I dont see the actual data, (it's not hard coded in the HTML)

My second idea was to try to access these scripts manually and fetch the data that way. I have not managed to do that,
and I think that it will be difficult, because I cannot access the scripts directly from command line.

I can only think that I should come up with a way to save the data some how, from this web page directly.
I have found dozens of scripts and advices how to download a page, but like said, that won't do the trick.

I would be very gratefull if some one could point me to right direction or give me an advice how to tackle this one.

Thanks in advance

-JorkkiS

Replies are listed 'Best First'.
Re: Saving data from a web page?
by Dog and Pony (Priest) on Apr 15, 2002 at 11:22 UTC
    I am not sure exactly what you mean... but, this phrase:

    So if I just download this page and view the source, I only see calls to these perl scripts that create this page.

    leads me to belive that you are maybe getting/viewing the source of a frameset. Does it look something at all like:

    <frameset> <frame src="script.pl" /> <frame src="script2.pl /> </frameset>
    There might be other stuff in the tags, and it may look different, but something like that?

    If so, first have a look at a page like this one to get a basic notion of what a frameset is (real short story: it is a "page" that embeds other pages in a "grid").

    Then what you can do, is save this page to disk, then go to each of the URLs (src="this part") and save those in the same directory. Then you should be able to view the page offline, locally.

    To do the same with perl, which I assume is the final goal of this question, I'd look into LWP::Simple for fetching, and HTML::Parser or HTML::TokeParser to get the URLs from the initial frameset.

    Note that this is only a guess. Please clarify further if possible... also note that you will not be able to use any scripts locally, you can just get the results from one particular run of the script.


    You have moved into a dark place.
    It is pitch black. You are likely to be eaten by a grue.
Re: Saving data from a web page?
by Biker (Priest) on Apr 15, 2002 at 10:41 UTC

    I'm trying to understand what you really want to achieve. Do you want to capture a copy of the Perl code that was executed to give you the Web page?

    If that is so, you're out of luck. You're not supposed to be able to do that.

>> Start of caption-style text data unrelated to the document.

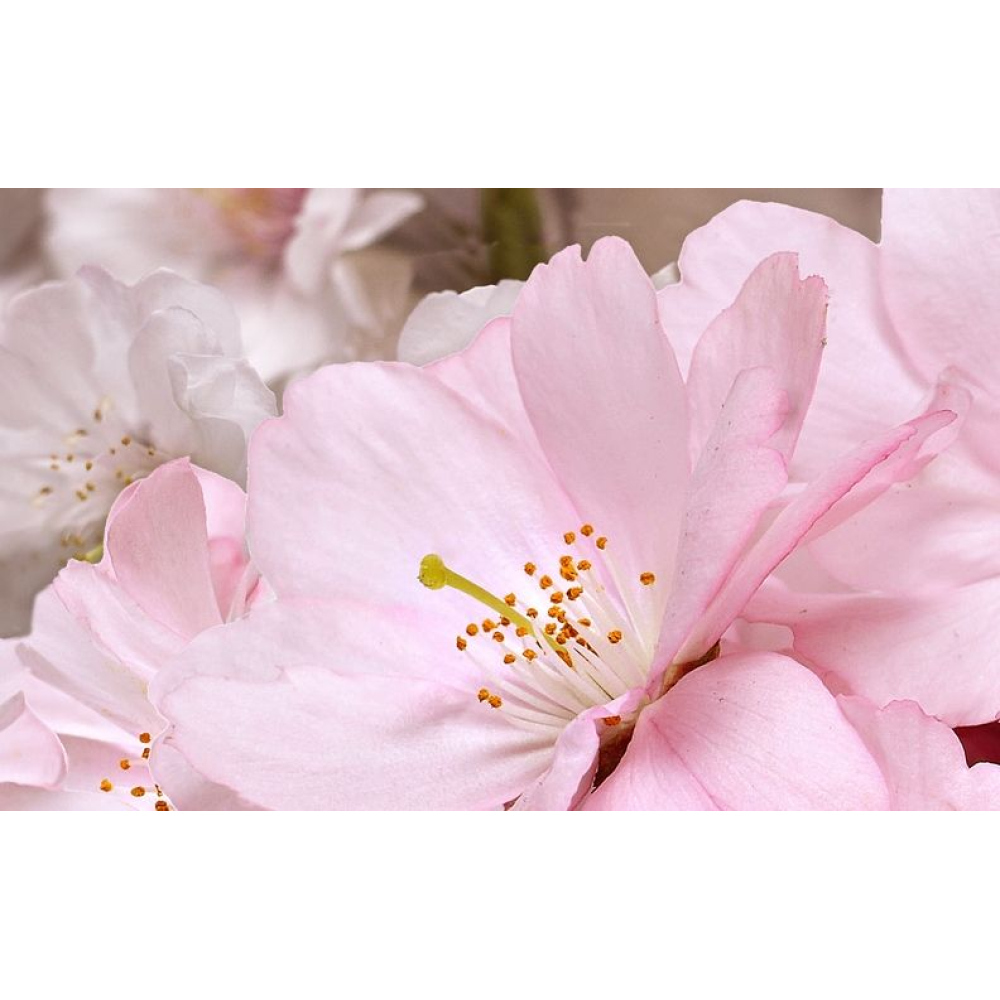 Декоративный массив Belleza Букет розовый 25х40 см (07-00-5-09-01-41-662)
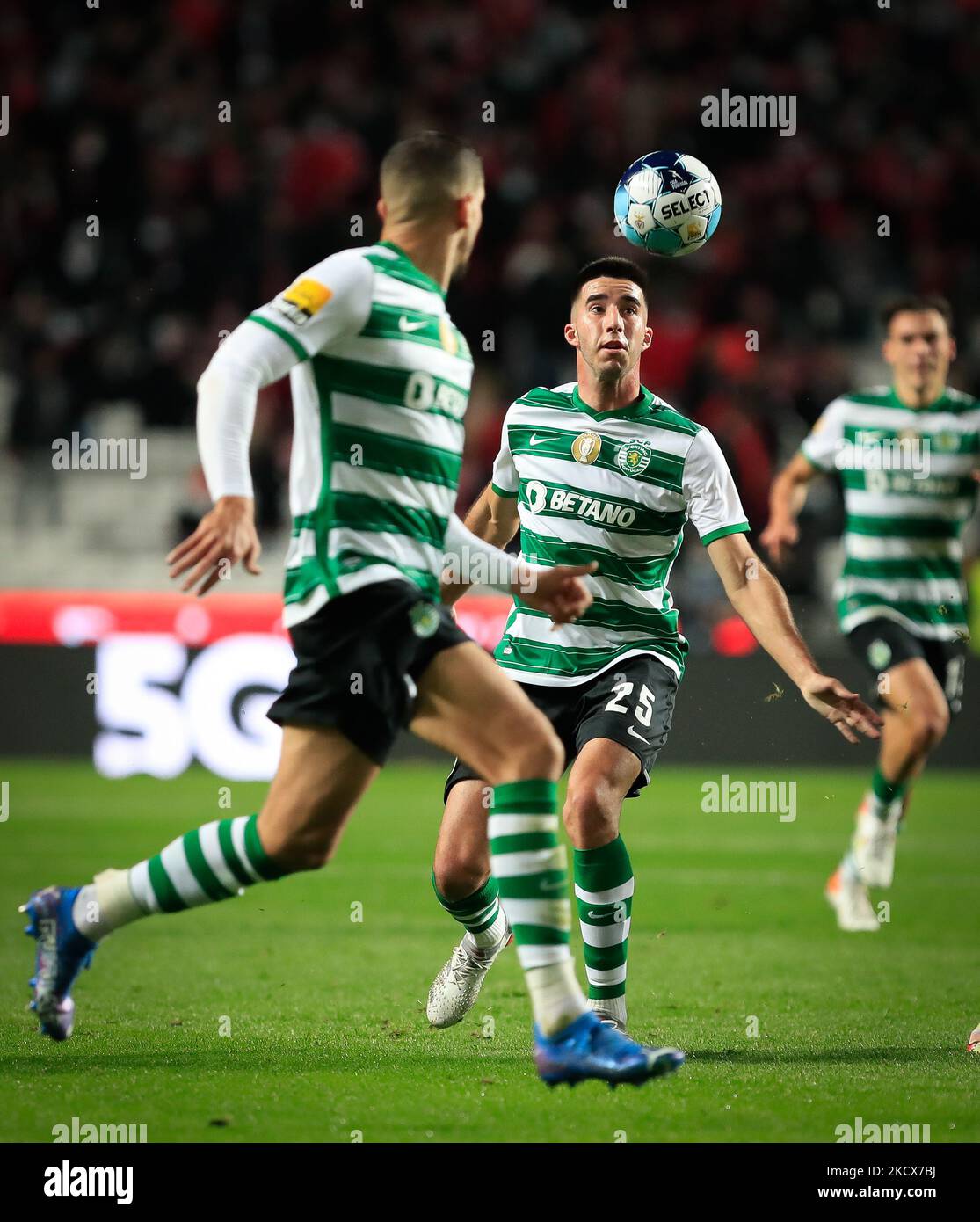 Goncalo Inacio of Sporting CP during the Liga Bwin match between SL Benfica and Sporting CP at Estadio da Luz on December 3, 2021 in Lisbon, Portugal. (Photo by Paulo Nascimento/NurPhoto) Stock Photo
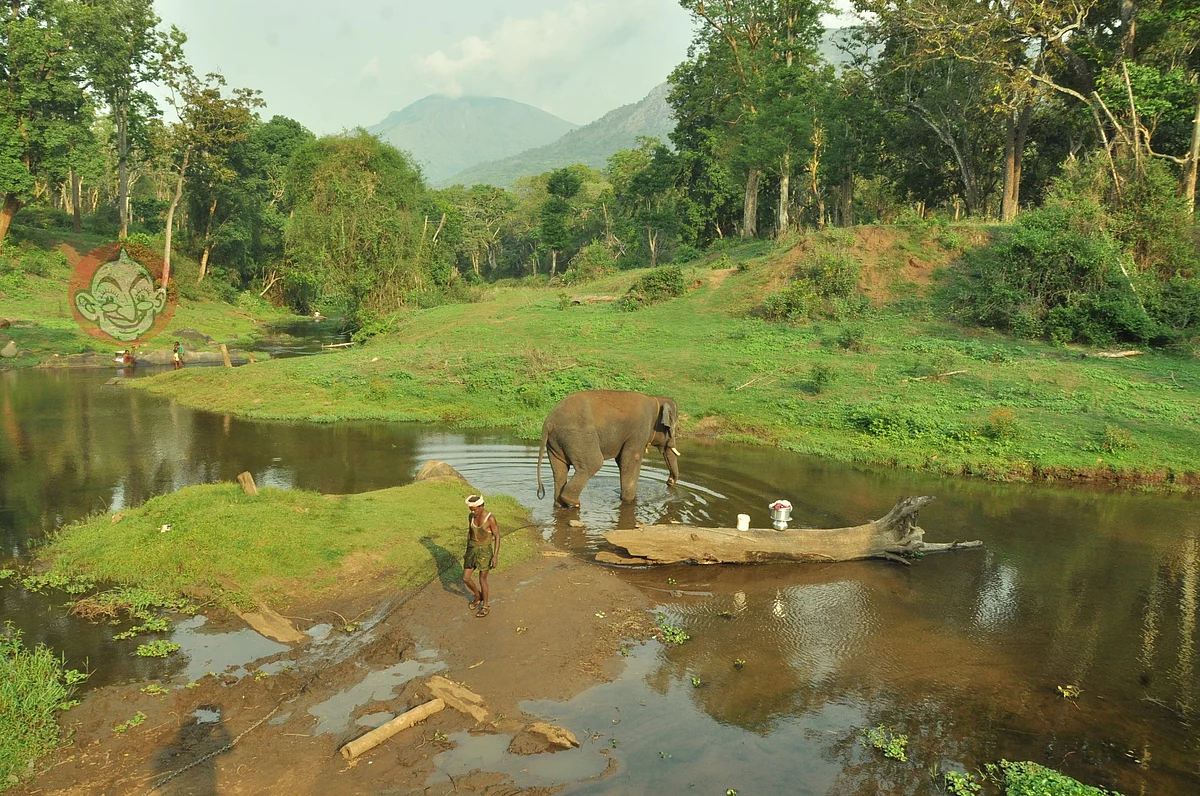 Kumki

    If my understanding of your question is wrong, then please try to explain a little bit more about what you want to do.


    Everything went worng, just as foreseen.

Re: Saving data from a web page?
by Purdy (Hermit) on Apr 15, 2002 at 15:28 UTC
    I don't have the answer, but it looks like I may can shed some light on what it is you're looking for, so other more-knowledgable monks can help you.

    It seems you want the output of a rendered Web page that was put together with JavaScript. If Lynx supported JavaScript, you could call it with the "-dump" argument to get the rendered page. You may want to check out the documentation on whatever Web browser you have on your system and see if there's a command-line interface to get similar output.

    As a side note, I hope you use this power for good - e-mail harvesters could use this method to get JavaScript-protected e-mail addresses.

    Jason

Re: Saving data from a web page?
by kappa (Chaplain) on Apr 16, 2002 at 14:09 UTC
    If the page you want to grab is constructed using JavaScript write() (this trick is widely-known as client-side includes), then you are unlikely to succeed. The browsers just run this scriptlets while rendering the page. You won't see the result even if you "Save As" the page. And I don't know of any JavaScript engines available to Perl programs :(

      You can study the HTML document that 'includes' the external JavaScript file. The JS file is often called foo.js or something close to that.

      When you have the full URL of the .js file, some/many/all(?) http servers will let you surf the .js file as if it was an html document. As a result, you will see the full .js file in the browser.

      Disclaimer: I have tried this on a few servers and it was a while ago. But the technique should probably work in most cases.

      OTOH, I don't think this was what the original poster wanted to achieve.


      Everything went worng, just as foreseen.

Re: Saving data from a web page?
by BUU (Prior) on Apr 15, 2002 at 13:12 UTC
    If you return "Content-type: application/octet-stream\n\n" instead of the normal text/html it forces the browser to open a "Save As" dialog box and save the stdout on your computer.